[Given records]
○ ○ ○ ○ ○

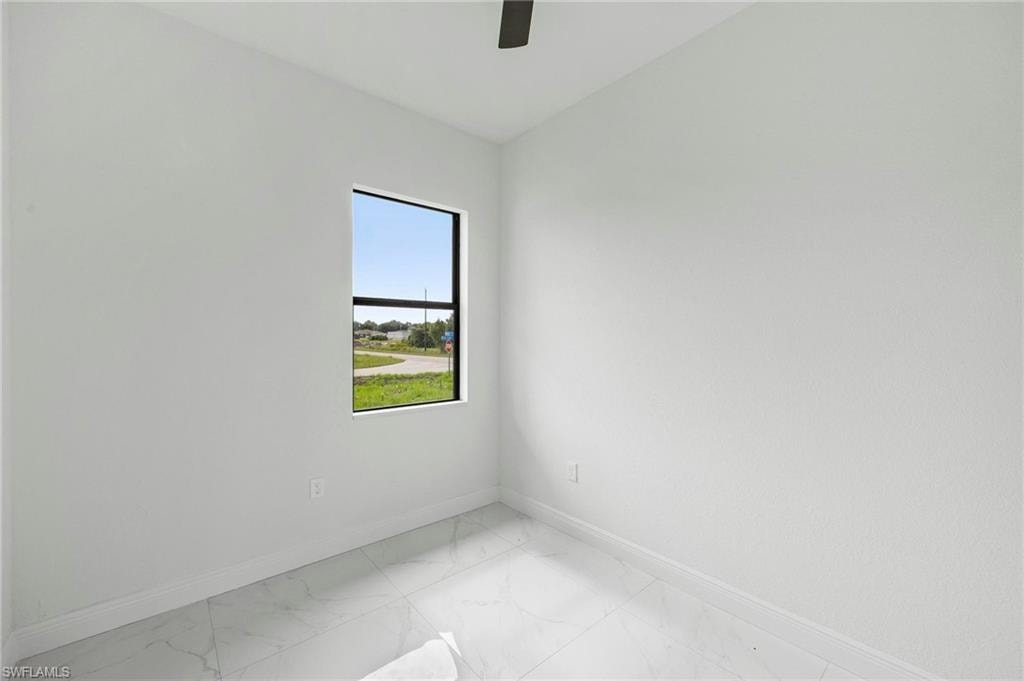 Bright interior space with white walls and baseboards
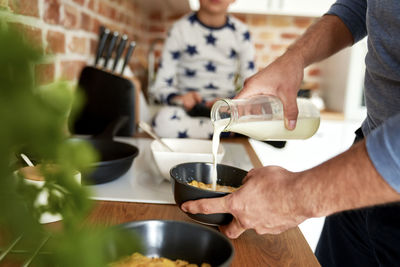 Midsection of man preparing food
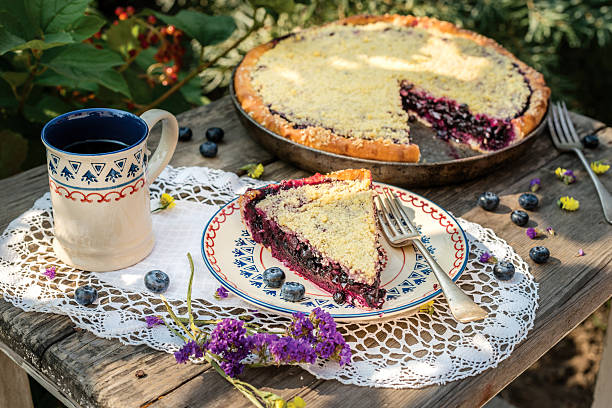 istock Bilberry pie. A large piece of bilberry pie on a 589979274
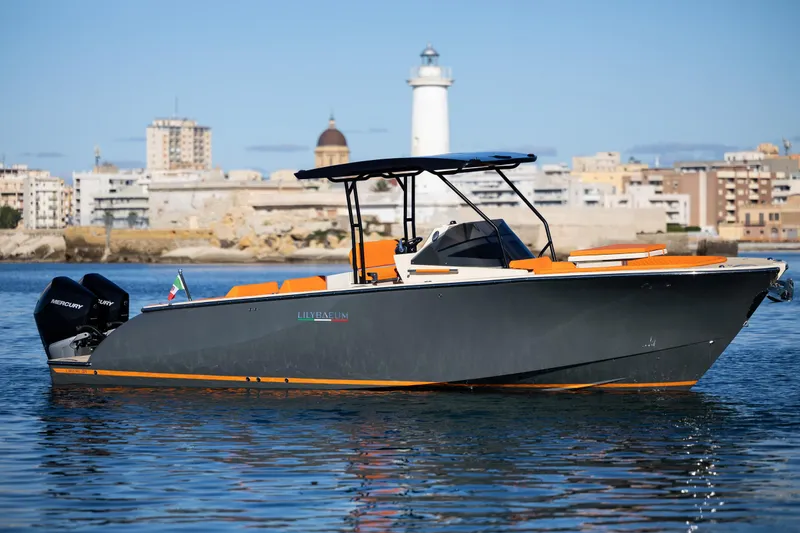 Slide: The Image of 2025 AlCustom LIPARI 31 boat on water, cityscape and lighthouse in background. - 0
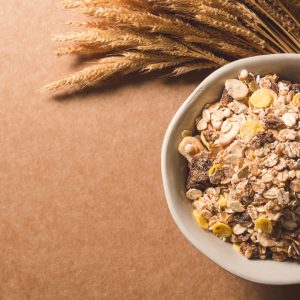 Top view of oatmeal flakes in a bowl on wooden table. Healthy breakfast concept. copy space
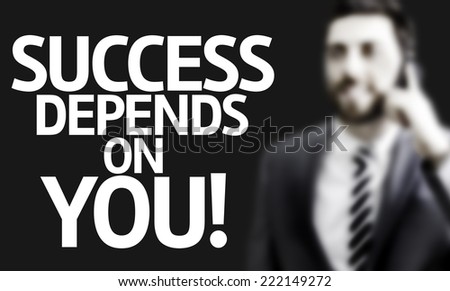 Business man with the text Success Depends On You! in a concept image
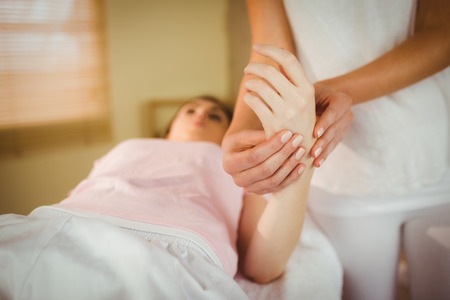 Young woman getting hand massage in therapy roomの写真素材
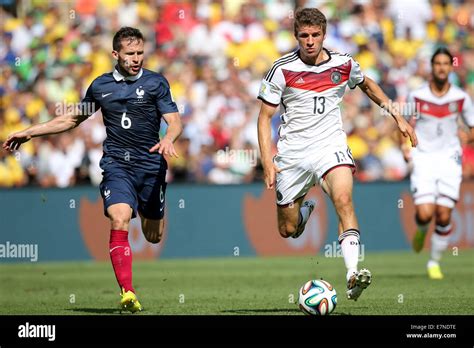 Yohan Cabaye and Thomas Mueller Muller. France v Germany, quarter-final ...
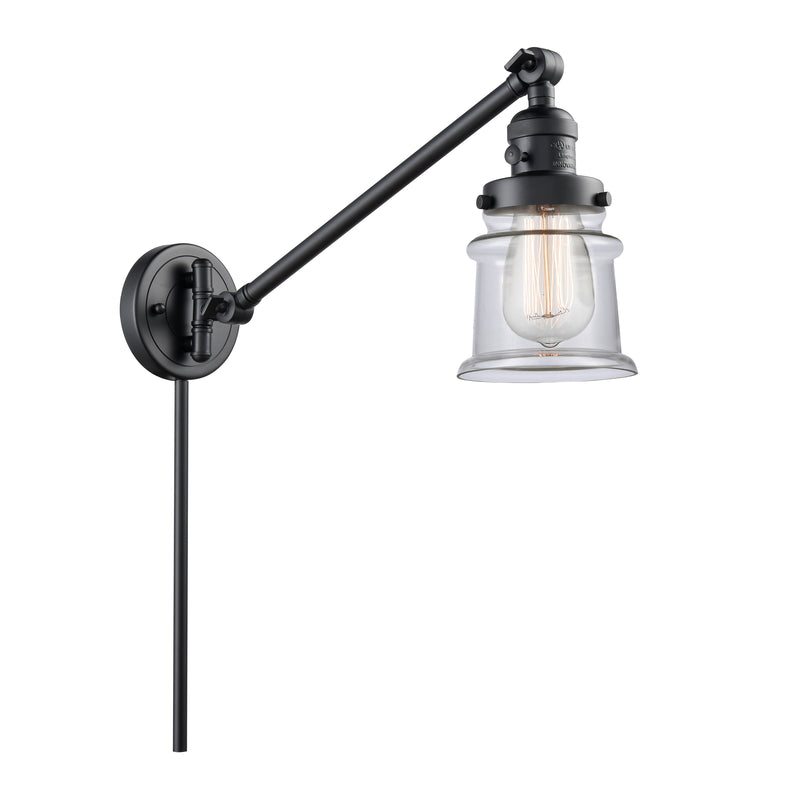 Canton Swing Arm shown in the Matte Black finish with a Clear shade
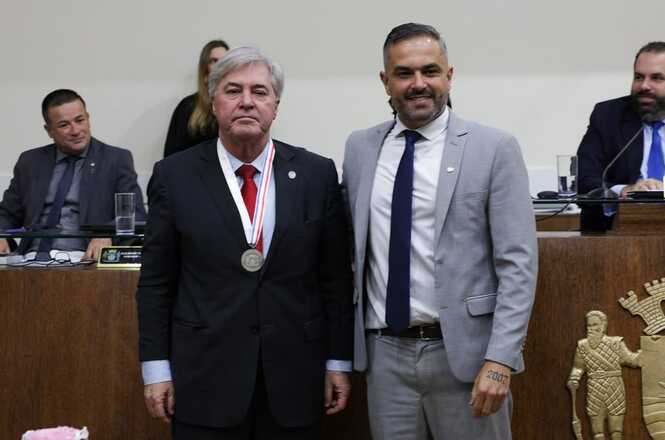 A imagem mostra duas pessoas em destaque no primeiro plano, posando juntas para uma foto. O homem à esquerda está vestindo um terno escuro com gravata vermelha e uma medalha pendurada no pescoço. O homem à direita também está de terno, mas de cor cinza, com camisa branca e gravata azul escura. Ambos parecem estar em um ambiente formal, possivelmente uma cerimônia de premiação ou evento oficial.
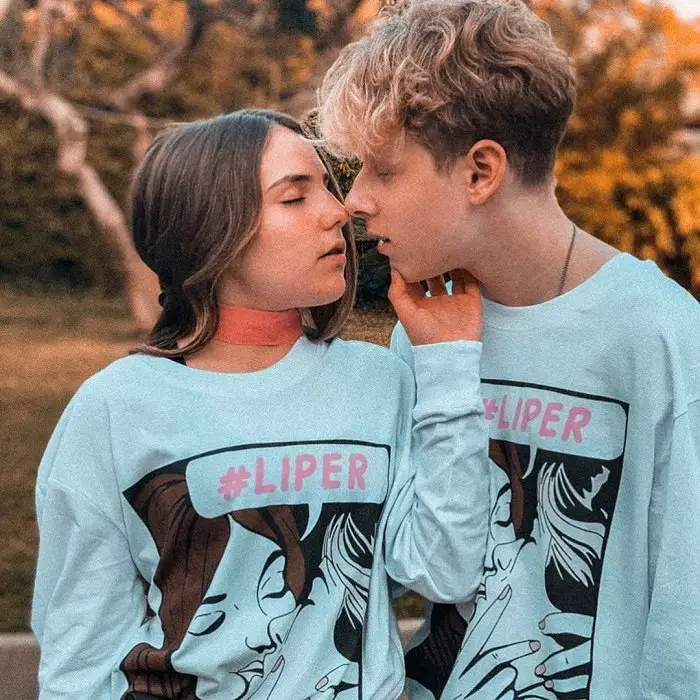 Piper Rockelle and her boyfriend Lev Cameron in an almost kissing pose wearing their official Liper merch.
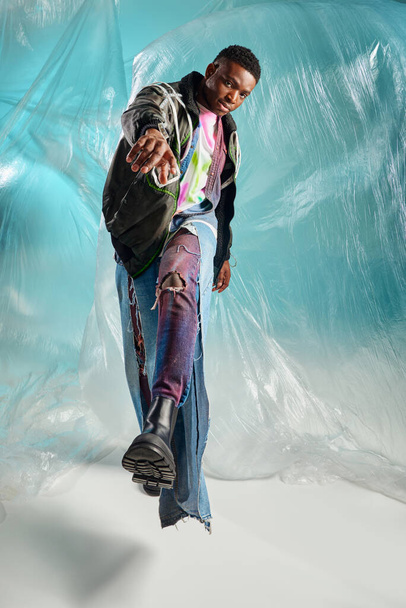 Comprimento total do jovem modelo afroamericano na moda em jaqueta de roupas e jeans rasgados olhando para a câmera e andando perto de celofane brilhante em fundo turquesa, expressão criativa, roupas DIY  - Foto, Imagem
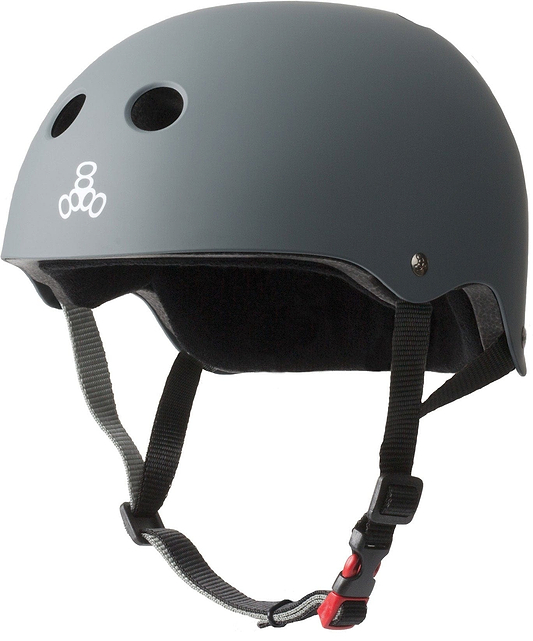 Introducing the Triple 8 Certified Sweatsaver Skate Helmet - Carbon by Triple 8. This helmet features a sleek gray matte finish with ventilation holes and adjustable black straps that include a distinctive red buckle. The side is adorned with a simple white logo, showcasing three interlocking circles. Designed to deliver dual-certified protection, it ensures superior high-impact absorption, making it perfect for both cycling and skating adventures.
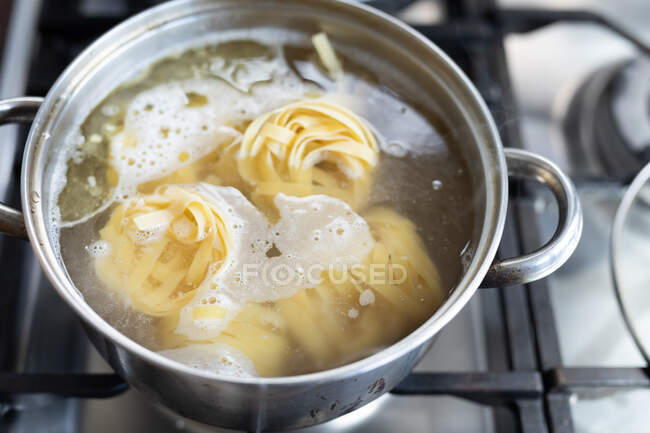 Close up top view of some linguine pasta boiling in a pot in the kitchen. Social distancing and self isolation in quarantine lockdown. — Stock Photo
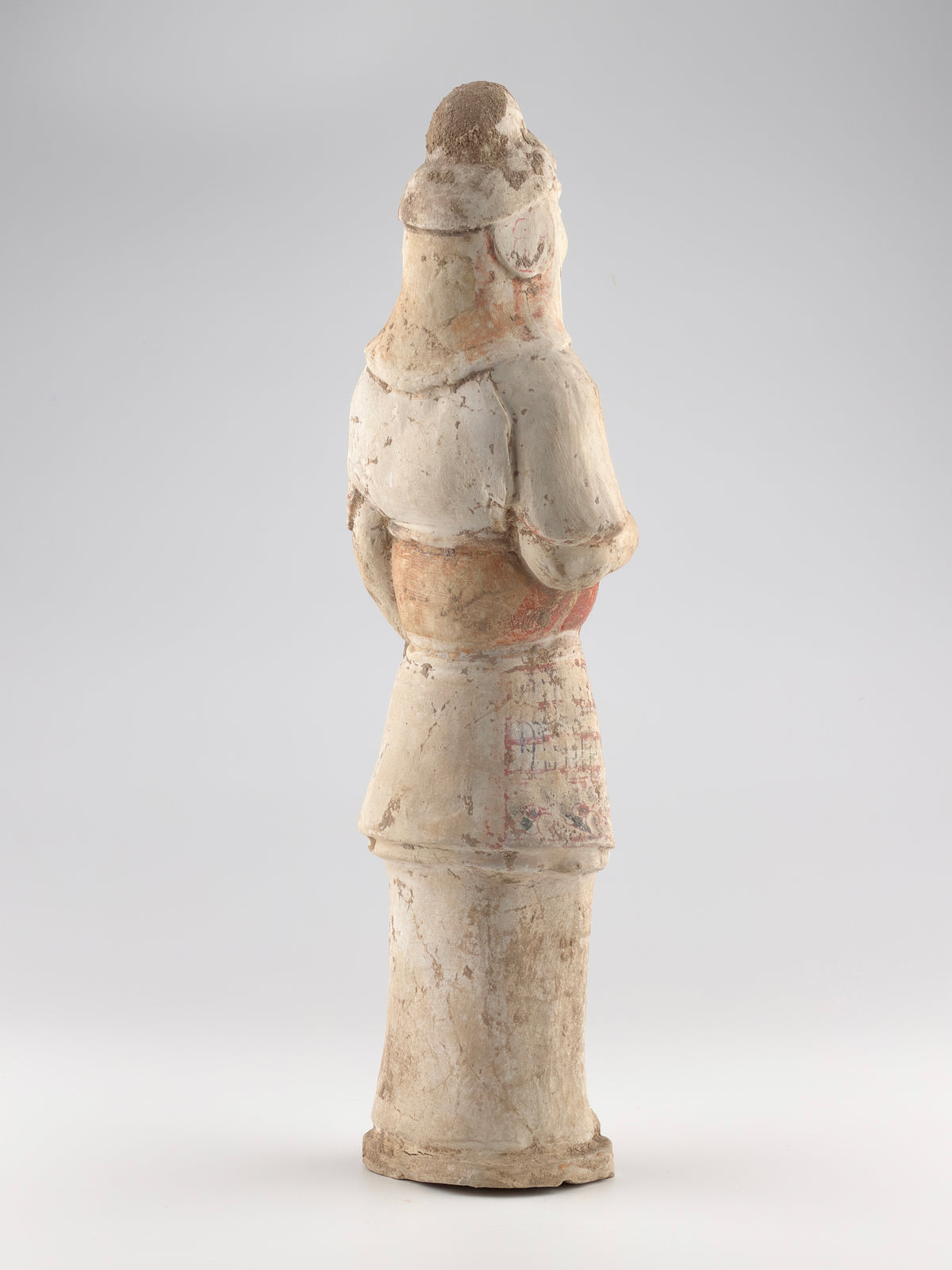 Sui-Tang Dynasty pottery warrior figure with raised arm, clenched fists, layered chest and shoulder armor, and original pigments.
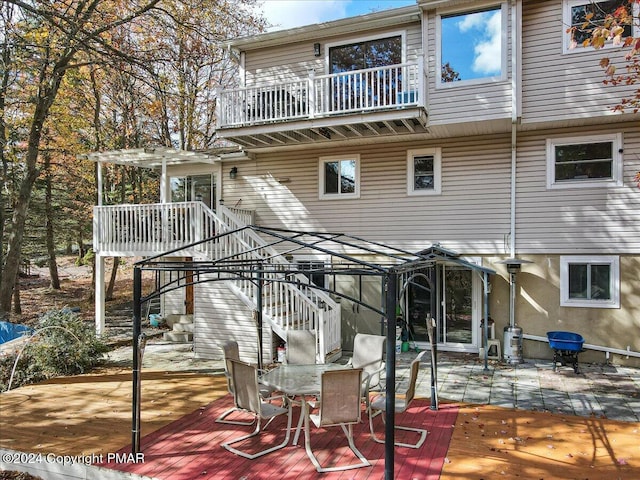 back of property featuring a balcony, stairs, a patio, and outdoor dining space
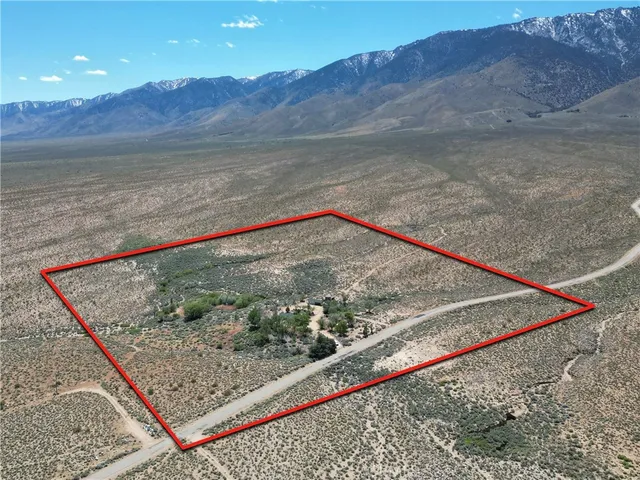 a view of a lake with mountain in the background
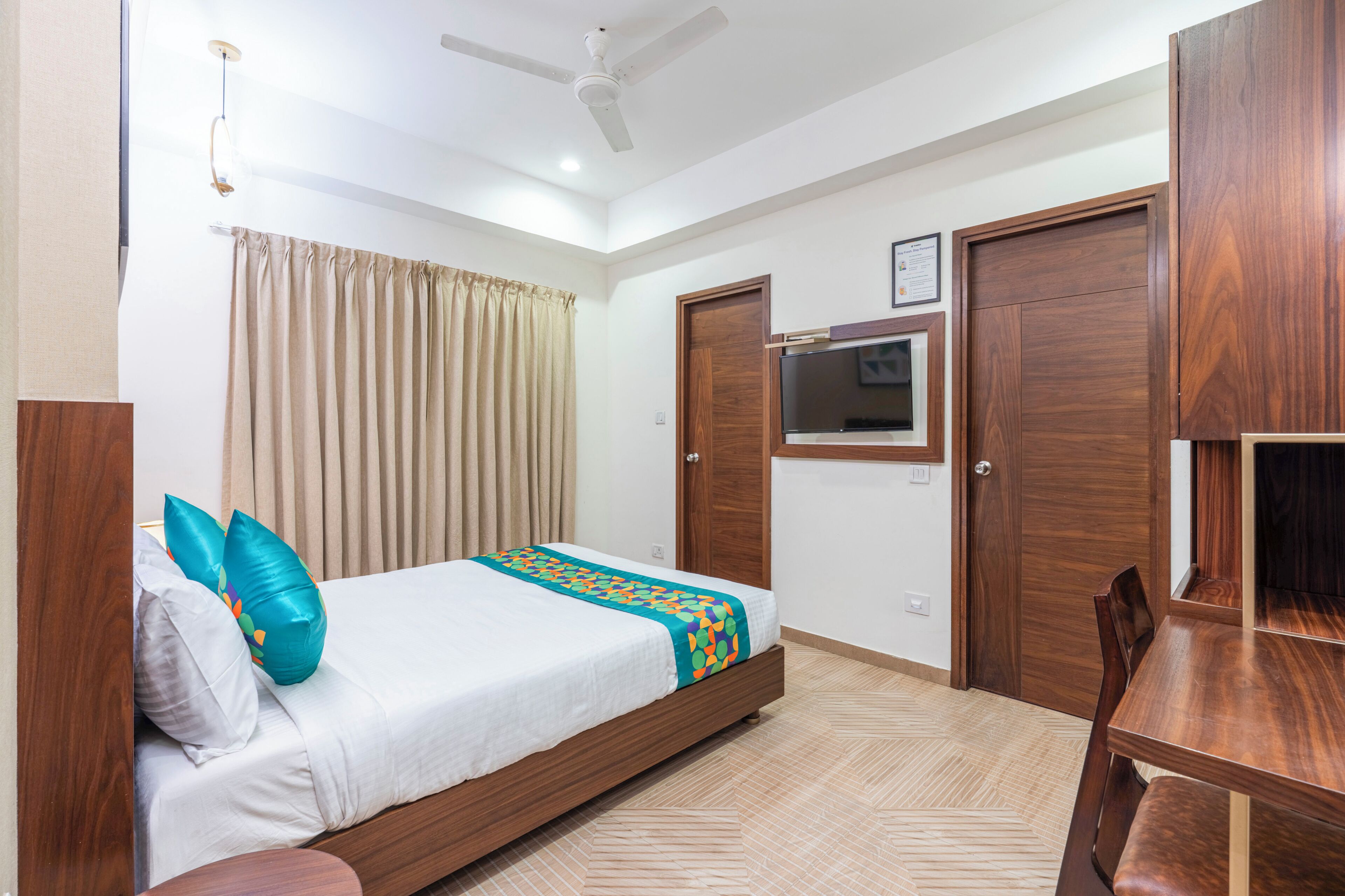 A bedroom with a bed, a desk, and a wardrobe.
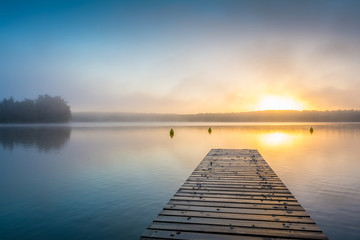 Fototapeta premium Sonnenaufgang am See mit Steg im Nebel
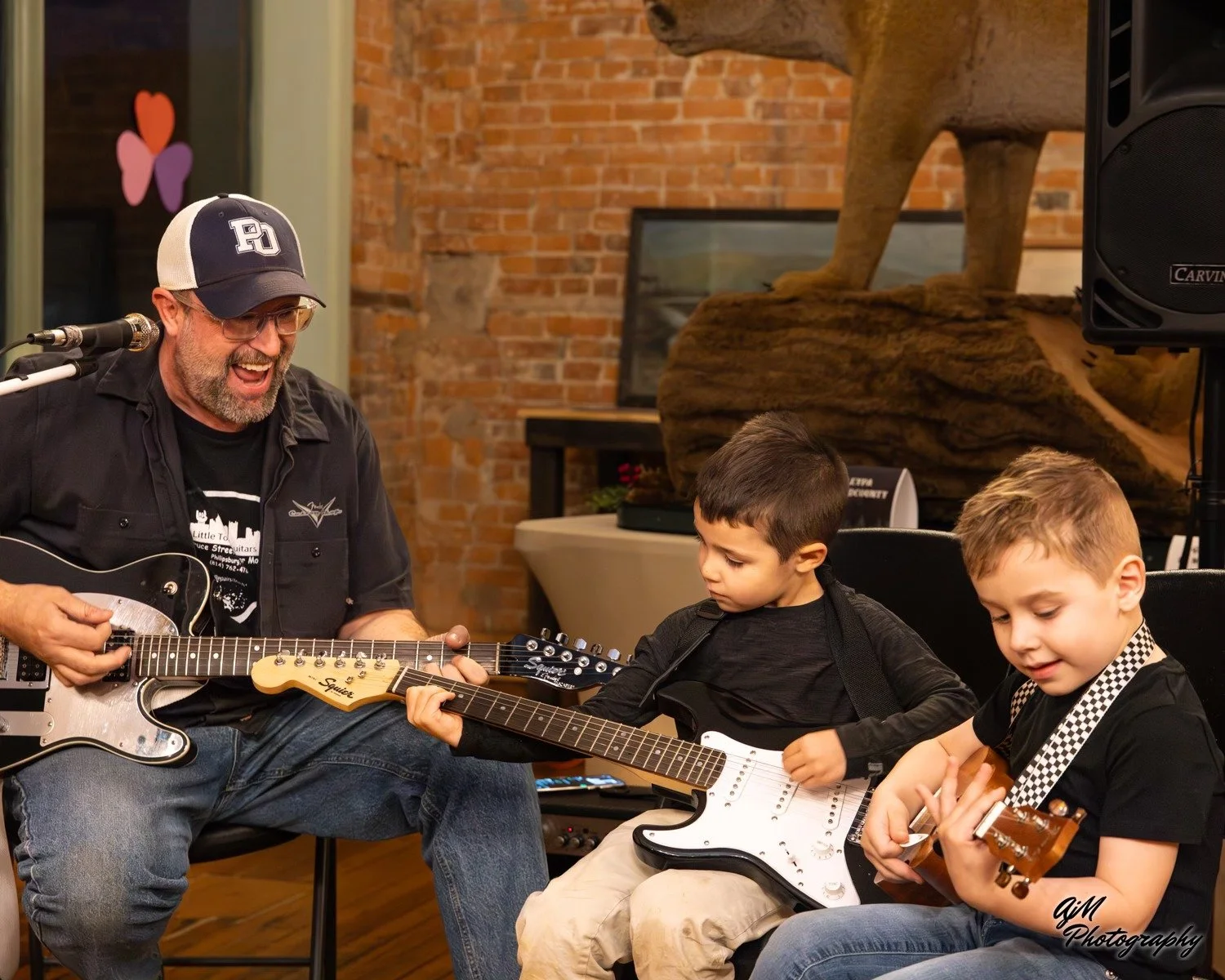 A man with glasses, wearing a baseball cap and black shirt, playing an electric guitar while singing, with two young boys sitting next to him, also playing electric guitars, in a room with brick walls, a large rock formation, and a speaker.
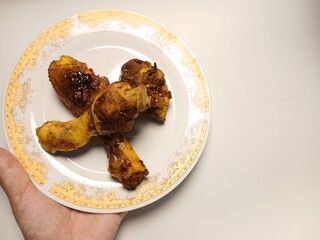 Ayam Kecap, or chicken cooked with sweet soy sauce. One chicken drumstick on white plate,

○ ○ ○ ○ ○

[How to complete this task]
Copy out all of the data word for word. Do not carry over any picture.

[Exercise solution]
 Bright interior space with white walls and baseboards
 Midsection of man preparing food
 istock Bilberry pie. A large piece of bilberry pie on a 589979274
 Slide: The Image of 2025 AlCustom LIPARI 31 boat on water, cityscape and lighthouse in background. - 0
 Top view of oatmeal flakes in a bowl on wooden table. Healthy breakfast concept. copy space
 Business man with the text Success Depends On You! in a concept image
 Young woman getting hand massage in therapy roomの写真素材
 Yohan Cabaye and Thomas Mueller Muller. France v Germany, quarter-final ...
 Canton Swing Arm shown in the Matte Black finish with a Clear shade
 A imagem mostra duas pessoas em destaque no primeiro plano, posando juntas para uma foto. O homem à esquerda está vestindo um terno escuro com gravata vermelha e uma medalha pendurada no pescoço. O homem à direita também está de terno, mas de cor cinza, com camisa branca e gravata azul escura. Ambos parecem estar em um ambiente formal, possivelmente uma cerimônia de premiação ou evento oficial.
 Piper Rockelle and her boyfriend Lev Cameron in an almost kissing pose wearing their official Liper merch.
 Comprimento total do jovem modelo afroamericano na moda em jaqueta de roupas e jeans rasgados olhando para a câmera e andando perto de celofane brilhante em fundo turquesa, expressão criativa, roupas DIY  - Foto, Imagem
 Introducing the Triple 8 Certified Sweatsaver Skate Helmet - Carbon by Triple 8. This helmet features a sleek gray matte finish with ventilation holes and adjustable black straps that include a distinctive red buckle. The side is adorned with a simple white logo, showcasing three interlocking circles. Designed to deliver dual-certified protection, it ensures superior high-impact absorption, making it perfect for both cycling and skating adventures.
 Close up top view of some linguine pasta boiling in a pot in the kitchen. Social distancing and self isolation in quarantine lockdown. — Stock Photo
 Sui-Tang Dynasty pottery warrior figure with raised arm, clenched fists, layered chest and shoulder armor, and original pigments.
 back of property featuring a balcony, stairs, a patio, and outdoor dining space
 a view of a lake with mountain in the background
 A bedroom with a bed, a desk, and a wardrobe.
 Fototapeta premium Sonnenaufgang am See mit Steg im Nebel
 A man with glasses, wearing a baseball cap and black shirt, playing an electric guitar while singing, with two young boys sitting next to him, also playing electric guitars, in a room with brick walls, a large rock formation, and a speaker.
 Ayam Kecap, or chicken cooked with sweet soy sauce. One chicken drumstick on white plate,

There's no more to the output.